Je ne sais plus trop pourquoi je n’ai pas été voir
GADGET, mon pote Coco me dit que c’était mortel et je veux bien le croire mais je n’y étais pas… Alors qu’à
GAEREA, je fus aux premières loges. A priori, je n’attendais rien de ce groupe, je me demandais même ce que foutait du
black metal là-dedans, sans compter l’image
post que j’en avais et pourtant, c’est peut-être pour moi le meilleur concert du week-end. Si j’occulte le fait que l’arrivée du groupe sur scène a été gâché par une sonorisation ayant oublié de brancher les guitares, tout m’a séduit : les compositions, l’énergie, la mise en scène théâtrale, la gestuelle originale du chanteur. Est-ce à cause de la présence des Portugais qu’il y avait tant de femmes en ce dimanche ? La question se pause étant donné que c’est la formation qui a eu la plus grande affluence. Mon analyse est donc la suivante : 1/Les crust purs et durs n’ont pris leur billet que pour le samedi. 2/Les mecs en couple ont accompagné leur nana le dimanche, d’où la baisse de fréquentation. Moi, je m’en fous pas mal, j’irai clairement écouter la discographie de
GAEREA car ce que j’ai vu m’a donné envie d’aller plus loin dans la connaissance de la formation.
Le festival se termine avec la traditionnelle prestation de
SUFFOCATION, toujours impeccable en termes de rouleau-compresseur musical. Son
brutal death est un modèle du genre, j’adore particulièrement quand il flirte avec le
slam, les mecs atteignent alors un niveau de puissance et de groove quasi inégalable. Evidemment, le chant de Ricky Myers est toujours aussi hallucinant dans son ampleur gutturale, avec une présence scénique tout en force brute qui complète parfaitement la technicité des compositions.

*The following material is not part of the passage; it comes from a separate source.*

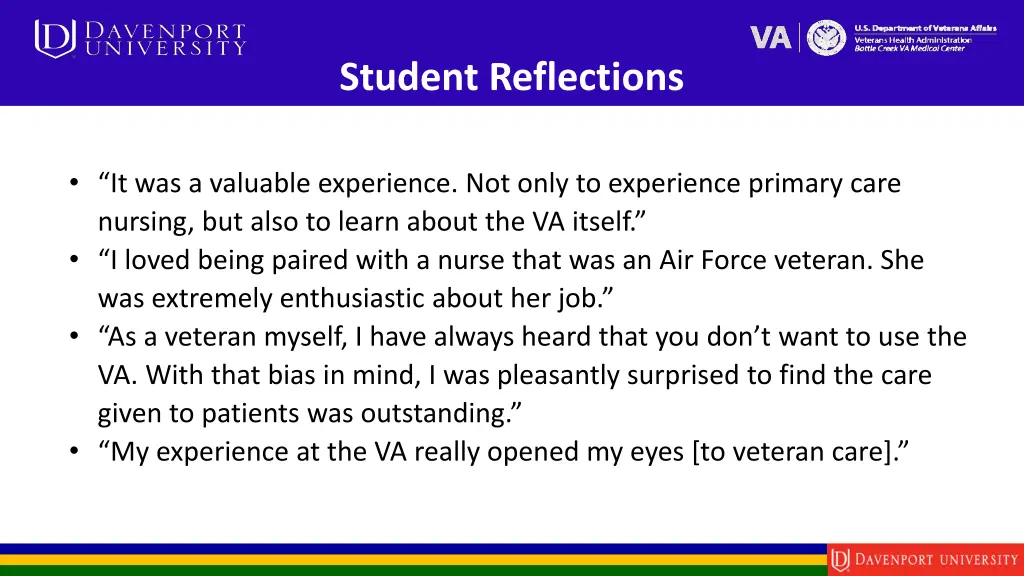 student reflections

Rien à redire, rien à jeter, le professionnalisme des Américains est total. En définitive, ce
Bloodshed 2023 a su répondre présent tant en termes de choix des artistes que d’organisation, même si l’écart d’affluence entre les deux journées est sans doute à mettre sur le compte d’un dimanche trop hétérogène, notamment au niveau de ses têtes d’affiche. L’ambiance était plutôt à la confiance étant donné que la fouille était inexistante, le prix des boissons raisonnable, le fait d’avoir un vrai bar permettant de s’abreuver avec d’autres choses que de la bière, que ce soit en alcool ou en soft (ginger beer, etc.) Par conséquent, si l’affiche de l’année prochaine est de ce calibre, je suis d’ores et déjà partant pour y assister !
1 COMMENTAIRE(S)
13/05/2023 19:35
La grande question est : quand aura-t-on le plaisir de voir BLOCKHEADS à Paris ? J'ai l'impression qu'ils ne sont pas passés depuis un moment.